January 1, 2015 (Vol. 35, No. 1)

Exploring Cancer’s Signature in the Sensitive Functional Domain of the Human Proteome

Lung cancer is one of the most common malignancies and the leading cause of cancer-related fatality. In the U.S. alone, more than 210,000 new lung cancer cases are diagnosed every year, with more than 170,000 deaths resulting from the disease each year.

Current diagnostic practices for common cancers rely heavily on imaging technologies such as CT scans for lung cancer, mammograms for breast cancer, and pelvic ultrasounds for ovarian cancer. Given the high probability of false-positive findings associated with CT screening, there is a substantial need for additional noninvasive modalities to discriminate between benign and malignant nodules. There are similar challenges in imaging-based screening for other malignancies and a subsequent need for complementary diagnostic tests.

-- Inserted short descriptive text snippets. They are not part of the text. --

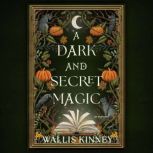 A Dark and Secret Magic, Wallis Kinney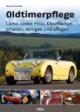Oldtimerpflege: Lacke, Leder, Oberflächen erhalten, reinigen und pflegen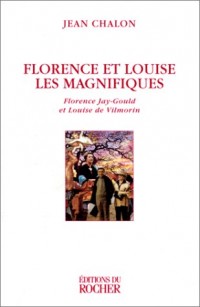 Florence et Louise les magnifiques : Florence Jay-Gould et Louise de Vilmorin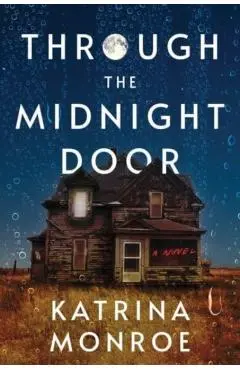 Through the Midnight Door - Katrina Monroe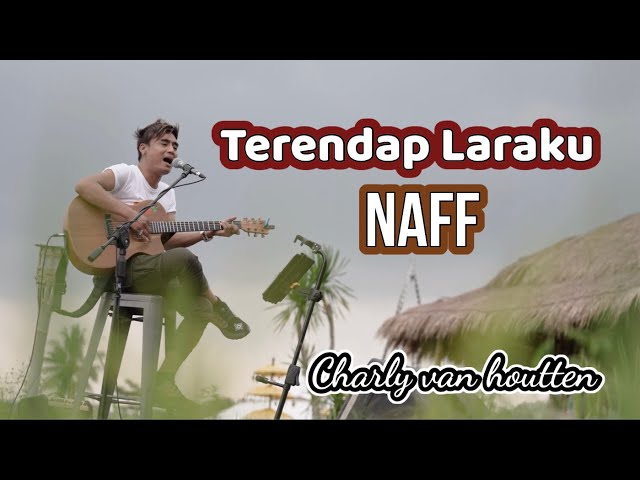 Charly Van Houten - TERENDAP LARAKU ( NAFF )-( Official Acoustic Cover ) class=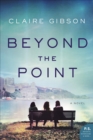 Image for Beyond the Point: A Novel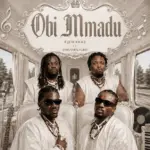 Ejima042  OBI MMADỤ Ft. Umu Obiligbo Mp3 Download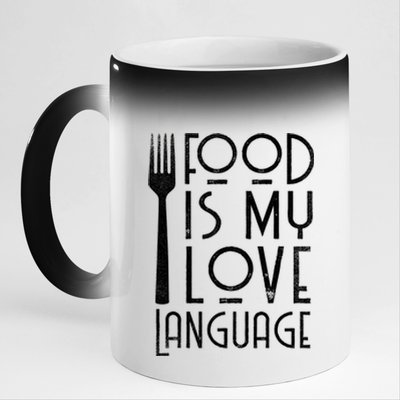 Foodie Gifts Food Is My Love Language Food Lover Chef Cook TShirt 11oz Black Color Changing Mug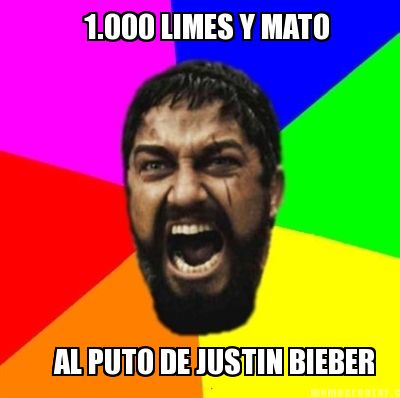 Justin Bieber Meme on Meme Creator 1 000 Limes Y Mato Al Puto De Justin Bieber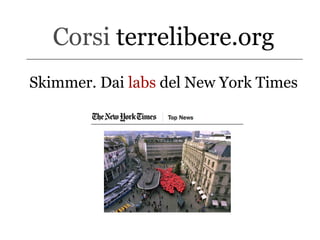 Corsi terrelibere.org
Skimmer. Dai labs del New York Times
 
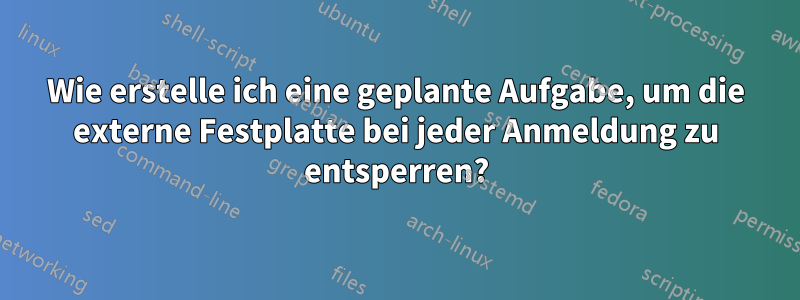 Wie erstelle ich eine geplante Aufgabe, um die externe Festplatte bei jeder Anmeldung zu entsperren?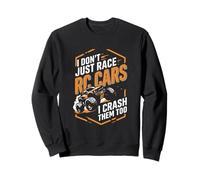 I Don't Just Race RC Cars I Crash Them Too Funny RC Racing Sudadera
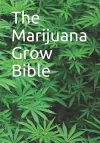 The Marijuana Grow Bible cover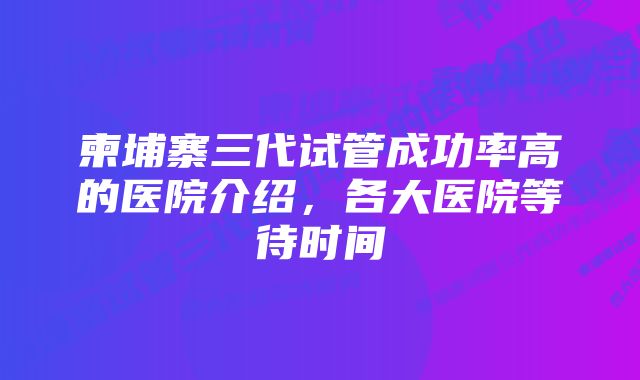 柬埔寨三代试管成功率高的医院介绍,各大医院等待时间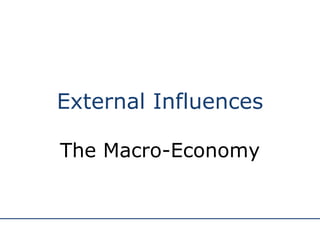 External Influences The Macro-Economy 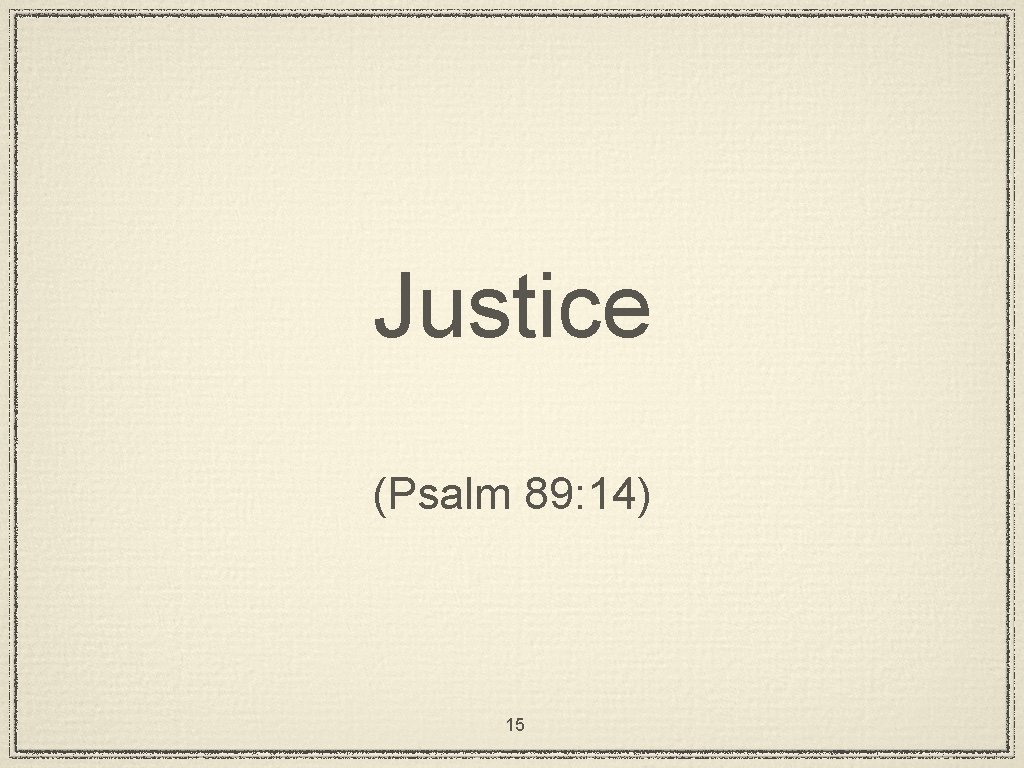 Justice (Psalm 89: 14) 15 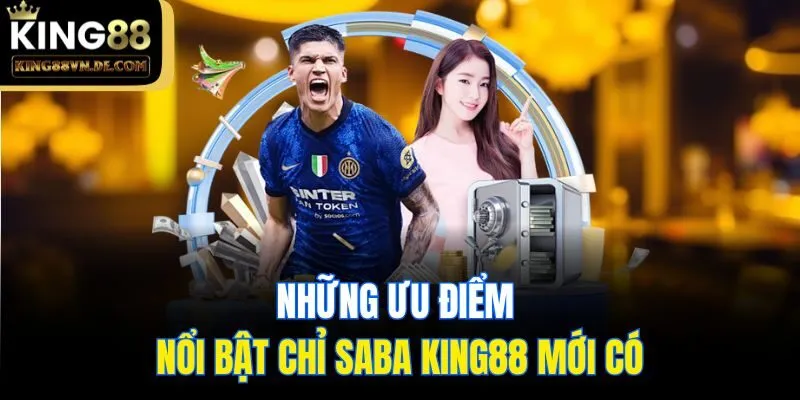 SABA King88 - Sảnh Cược Dành Cho Dân Mê Thể Thao Chính Hiệu 5 Những ưu điểm nổi bật chỉ SABA King88 mới có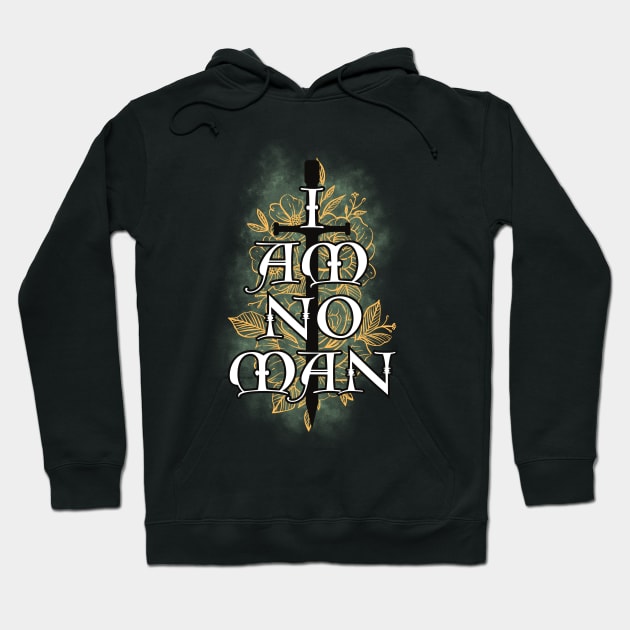 I AM NO MAN Hoodie by BeyondThePines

Blood-based biomarkers have potential in cancer screening, and their role could extend further from general population risk assessment to treatment response evaluation and recurrence monitoring. Despite a large literature collection related to biomarkers for common cancers, blood-based diagnostic tests that inform about the presence of cancer at an early stage and predict treatment response have been difficult to develop.

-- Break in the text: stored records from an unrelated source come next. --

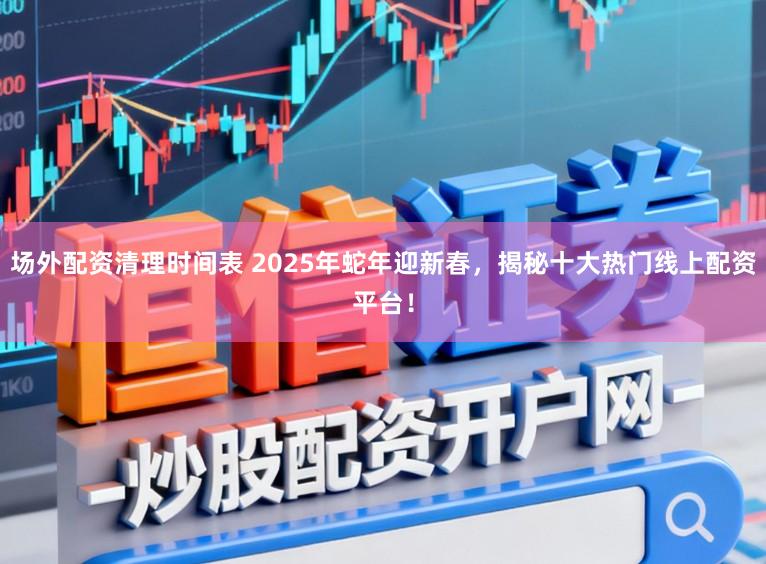 场外配资清理时间表 2025年蛇年迎新春，揭秘十大热门线上配资平台！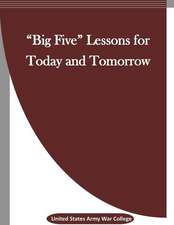 Big Five Lessons for Today and Tomorrow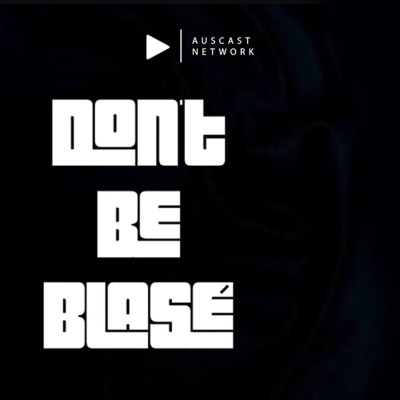 Dont Be Blasé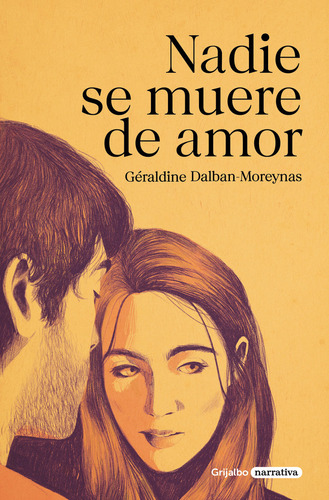 Nadie Se Muere De Amor (libro Original)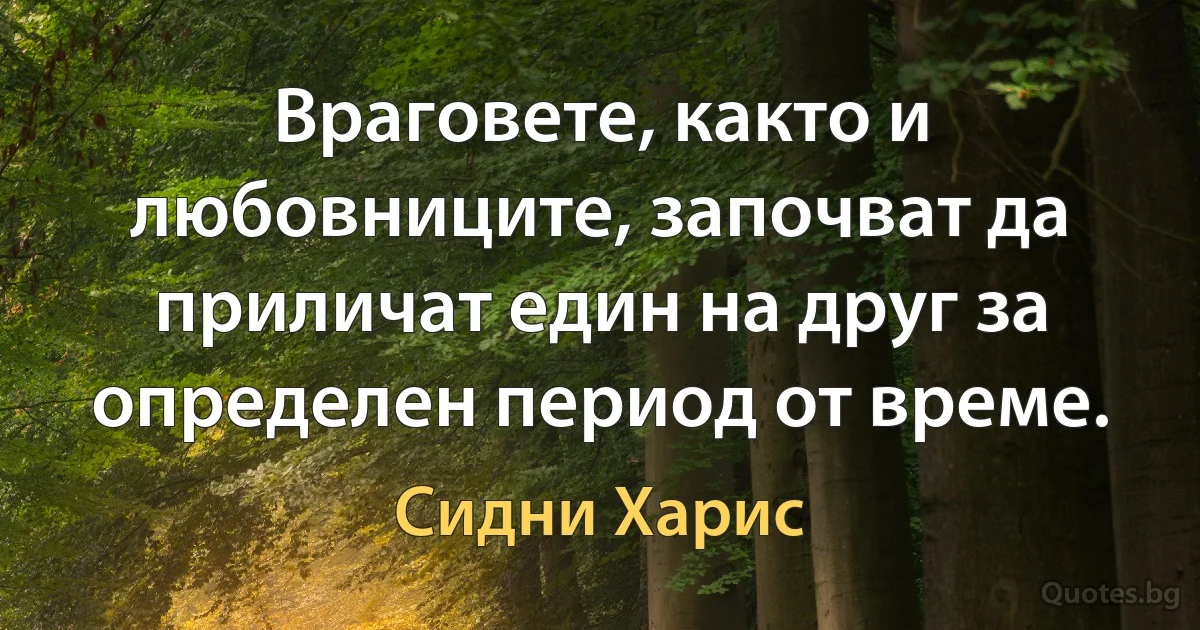 Враговете, както и любовниците, започват да приличат един на друг за определен период от време. (Сидни Харис)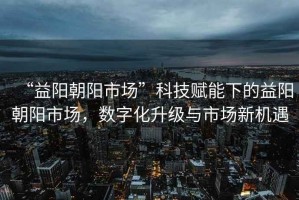 “益陽(yáng)朝陽(yáng)市場(chǎng)”科技賦能下的益陽(yáng)朝陽(yáng)市場(chǎng)，數字化升級與市場(chǎng)新機遇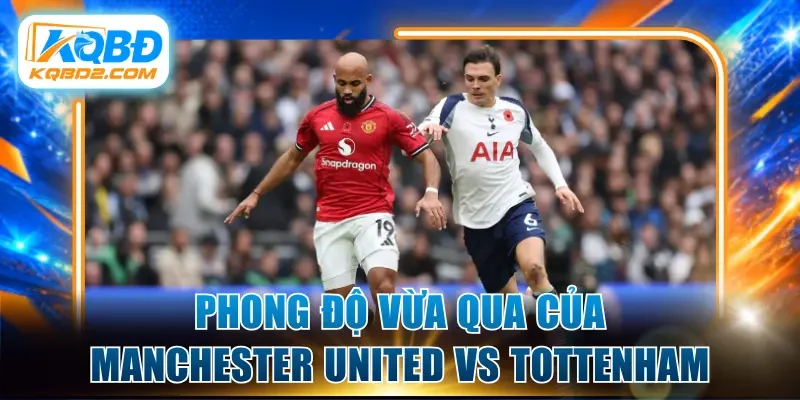Phong độ vừa qua của Manchester United vs Tottenham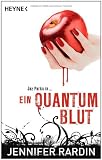Ein Quantum Blut: Roman - Jennifer Rardin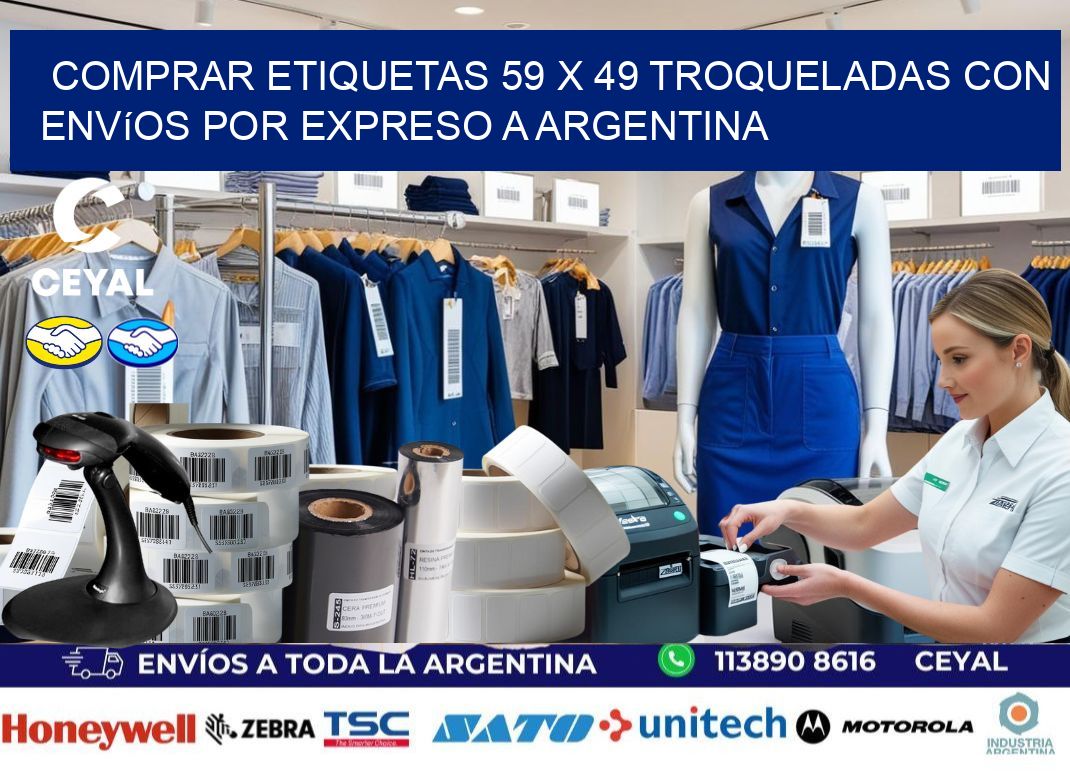 Comprar etiquetas 59 x 49 troqueladas con envíos por expreso a Argentina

Protein markers currently in clinical use have limitations with respect to their use for screening owing to low sensitivity and specificity in early stages and inability to distinguish aggressive from indolent tumors. Other common cancers, notably breast and lung cancer, lack established biomarkers with demonstrated clinical utility in a screening setting. Thus, there is a need for biomarkers with the required sensitivity and specificity for the detection of frequently occurring cancer types.

Functional Annotation

Most efforts in proteomics seek to identify and sequence annotate the proteome by LC-MS/MS analyses of peptides derived through proteolytic processing of the parent proteome. Thousands of proteins have been identified from human serum as a result. However, little attention has been paid to functional annotation. Yet functional annotation is crucial as the landscape of protein conformations is highly variable, each conformation may contribute to its own functional activity.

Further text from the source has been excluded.